The U.S.-Mexico border south of the Imperial Valley; false color image from the ASTER sensor on Terra.

The individual fields, which show small differences in the two false color composites above, are hard to pick out in these traditional renditions. In the image below, there are three renditions of the Coachilla Valley farmlands north of the Salton Sea made by different band combinations from the ASTER spectral bands (see page 16-10). These are listed in the caption.

Varieties of false color composites of the Coachilla Valley farmlands in the area boxed in the lower right ASTER false color composite, made using these ASTER band combinations: Upper left: Band 1 = Blue; 2 = green; 3 = Red; Upper right: 1 = B; 2 = 3; 4 = B; Lower left:  4 = B; 1 = G; 2 = R.

3-11: How might a sequence of Landsat or SPOT scenes taken over the months or even years be beneficial to the economic and environmental management of this region? ANSWER

Clearly, the differences in expression using different combinations of just these bands suggests the ability to identify, differentiate, and classify the types of crops being grown. The additional bands on ASTER improve this capability, allowing greater accuracy in specifying crop types.
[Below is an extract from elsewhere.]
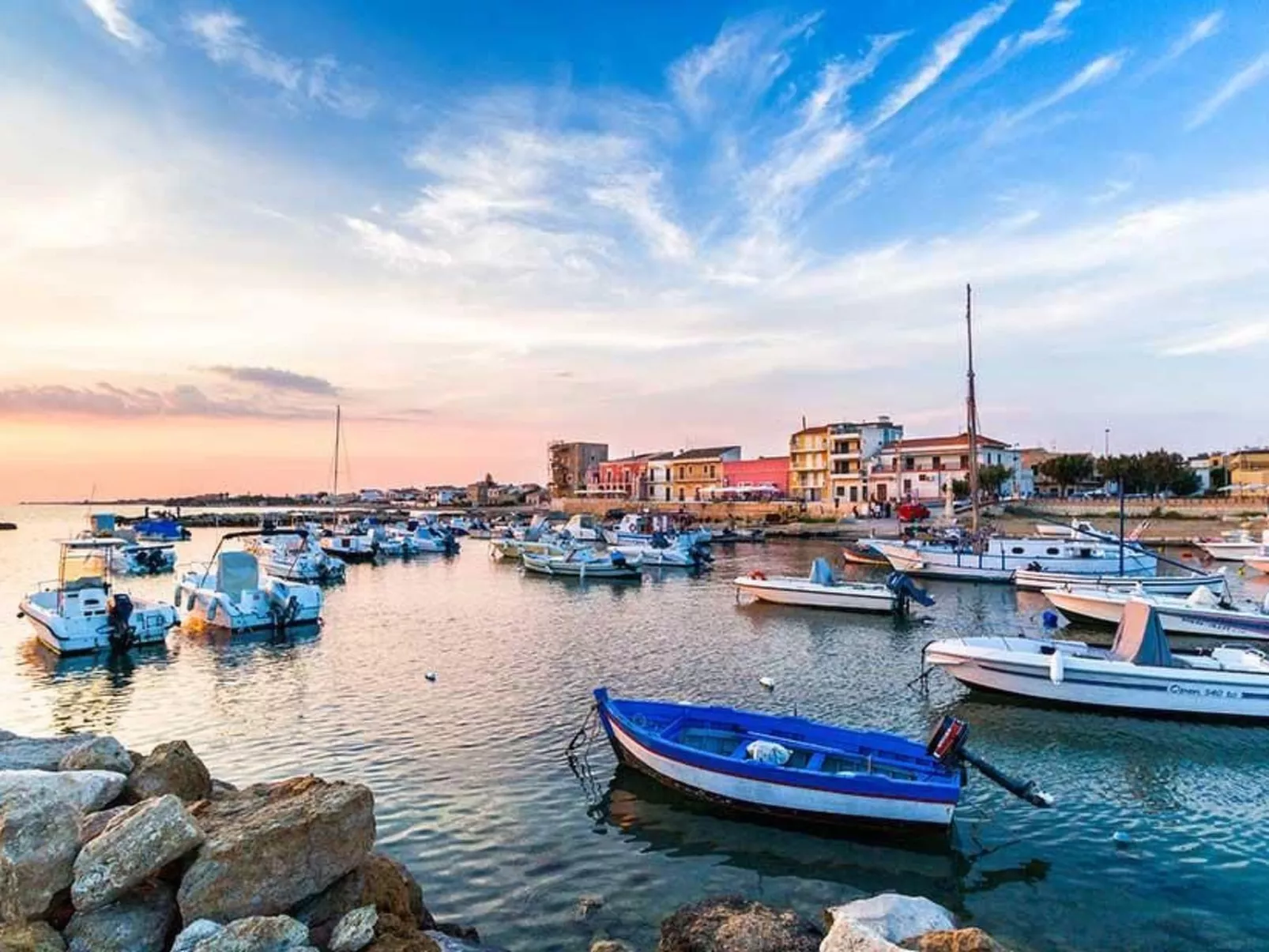 Agamennone, Wohnung 20 Meter vom Meer entfernt mit einer möblierten Terrasse.-Image-tags.info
Before leaving the topic of conversation of arid land by irrigation into highly productive agricultural farms, which is so evidently successful in the Imperial Valley, here is a dramatic "before and after" pair of Landsat images that show the extent of change possible when water becomes abundant. The area shown in the images below is in southern Turkey just north of the Syrian border. The 1993 image shows that some croplands have been developed using subsurface water. Since then, the completion of the Ataturk Dam and Reservoir has permitted water to be spread over the area from irrigation ditches. The end result seen in the 2002 Landsat image - back to back cotton farms - is dramatic and obvious. Because such capability is still large for much of the world's arid lands to be developed using dam water, the prospect of famines over the global seems small for the foreseeable future.
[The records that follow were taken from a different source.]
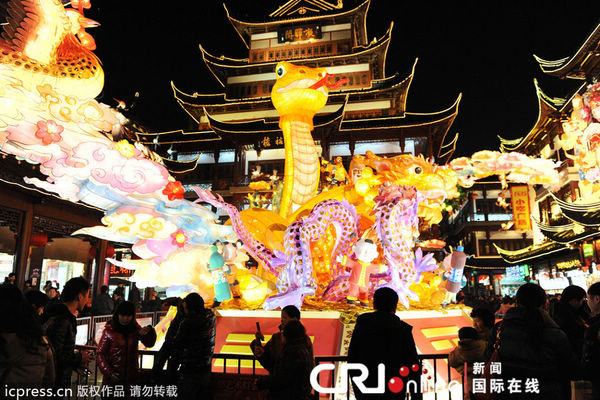 Торжественно отмечен Праздник фонарей по Китаю (4)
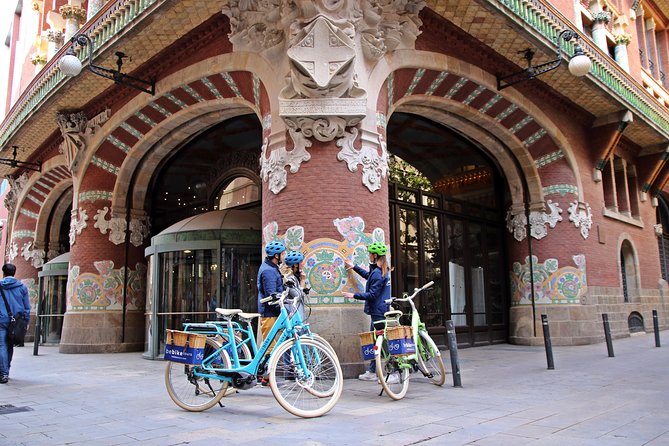 Sights of Barcelona E-Bike Tour Led by a Local Guide - The route from Arc de Triomf into El Born: architecture plus texture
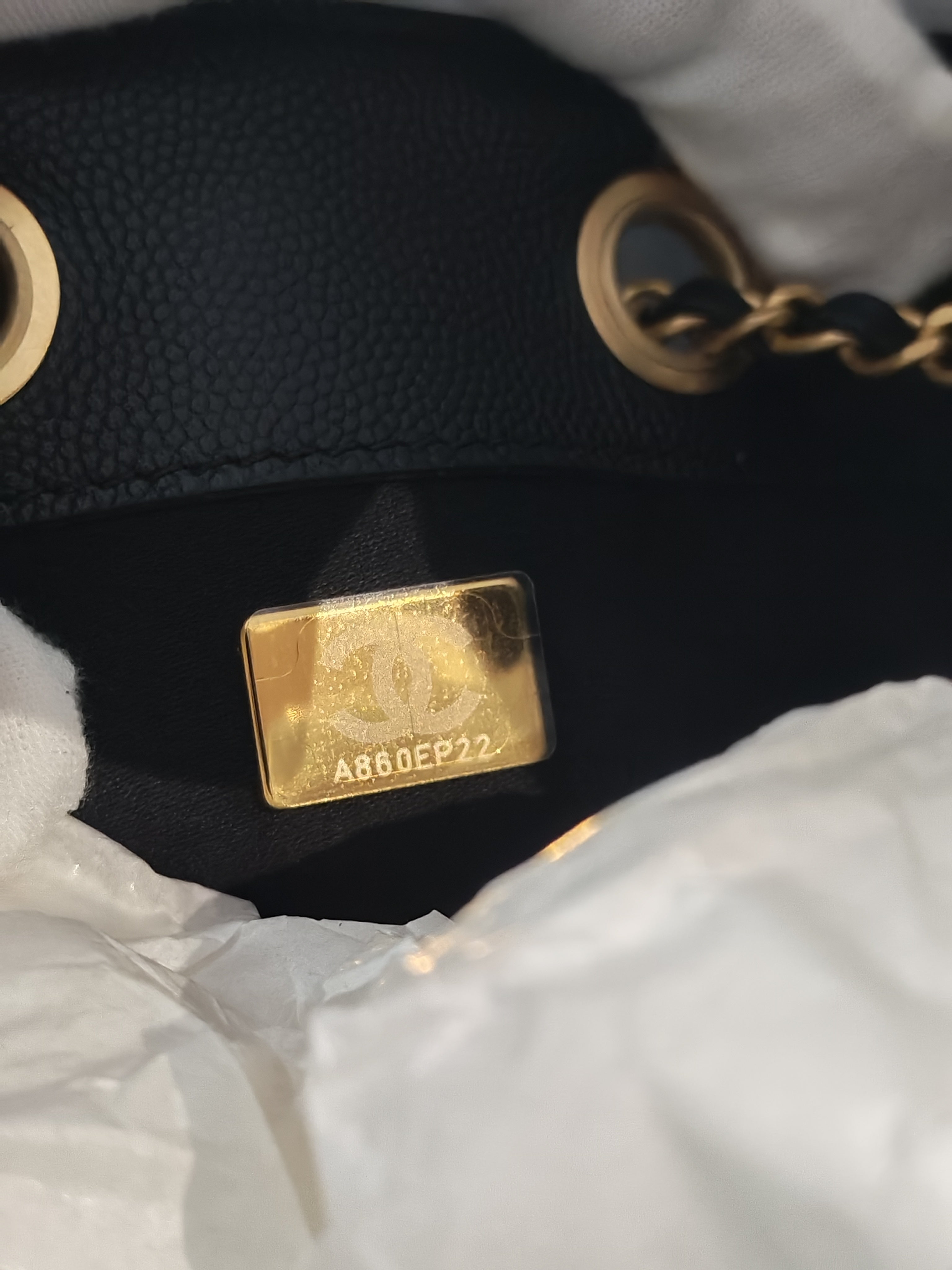 25 Small In Black in Caviar Leather and Aged Gold Hardware (Microchip) | Purse Maison Luxury Bags Shop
Development of cotton farming over 9 years in southern Turkey, owing to abundance of water from damming.

Crop monitoring to control health and estimate harvest output has become a sophisticated system using various multisource data sets. Here is one scheme used by federal agencies and private commodity firms to make predictions or issue warnings about crop damage and other problems.

System for inventory and monitoring food and fiber at the global level

The LACIE, Agristars, and FIFE field experiments were early examples of proof-of-concept. Crop identification can be as high as 90% accurate. The programs require considerable onsite inputs but depend on satellites to provide high resolution multispectral data to extrapolate from the few training sites needed for classification of relatively small areas to maps of the vast regions that are needed to make reliable estimates at country or global scales. We shall consider this theme again in the first part of Section 13.